*AVAILABLE DATA:*
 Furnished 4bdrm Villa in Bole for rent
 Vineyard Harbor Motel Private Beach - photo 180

---

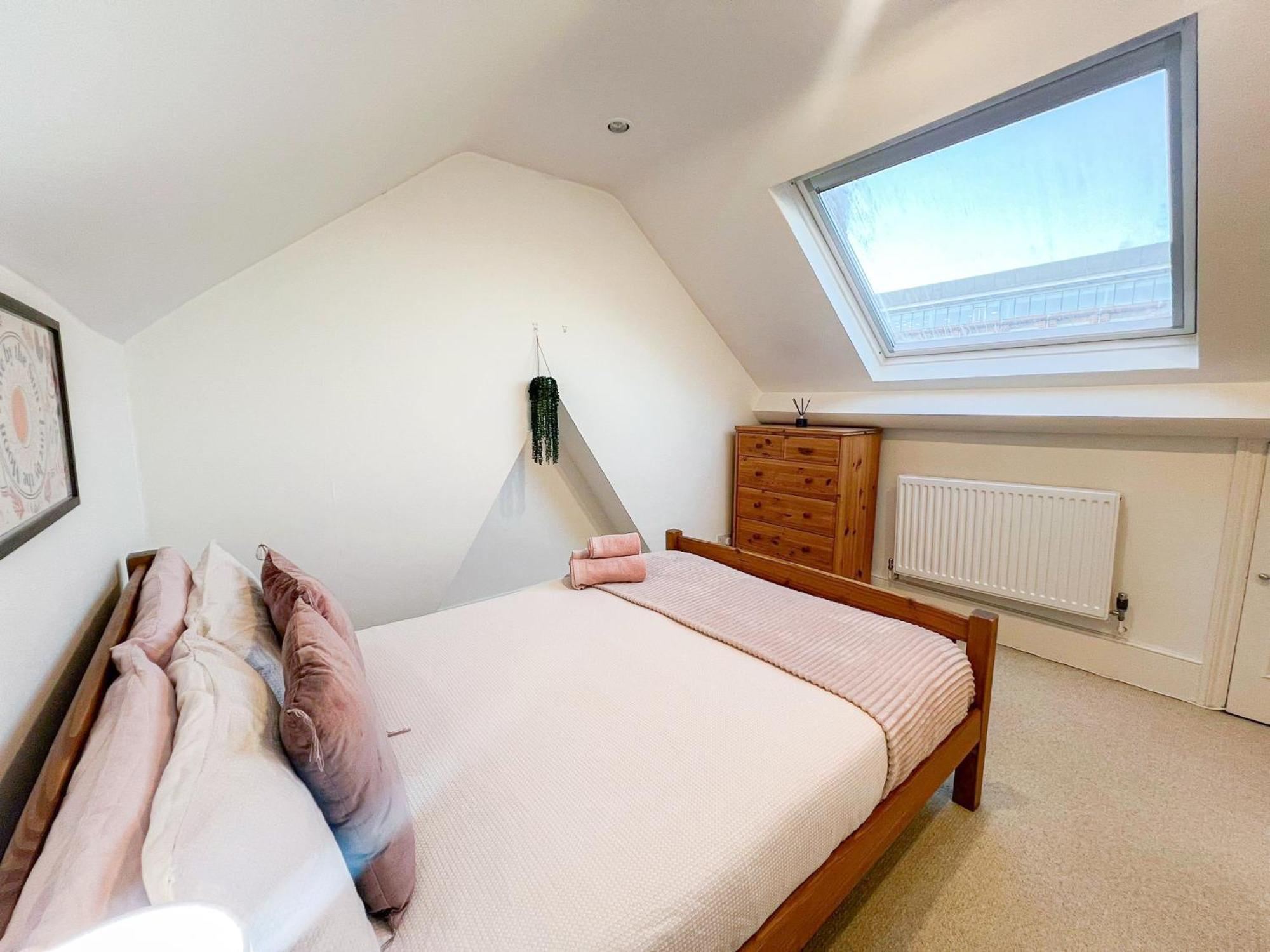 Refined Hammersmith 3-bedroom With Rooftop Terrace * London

--

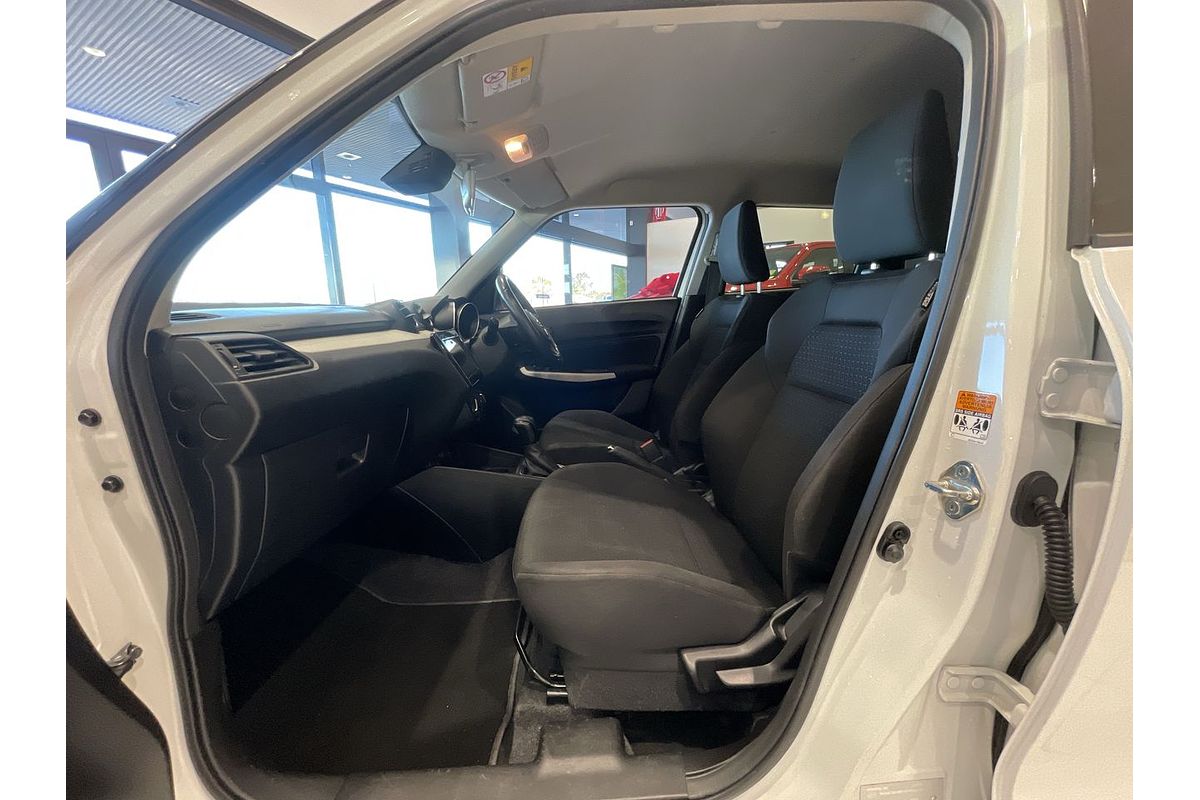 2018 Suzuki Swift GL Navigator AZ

*EXERCISE BRIEF:* Given the records above, return exactly the lines starting at the line containing "Furnished 4bdrm Villa in Bole for rent" and ending at the line containing "Vineyard Harbor Motel", including both.

*RESPONSE:*
 Furnished 4bdrm Villa in Bole for rent
 Vineyard Harbor Motel Private Beach - photo 180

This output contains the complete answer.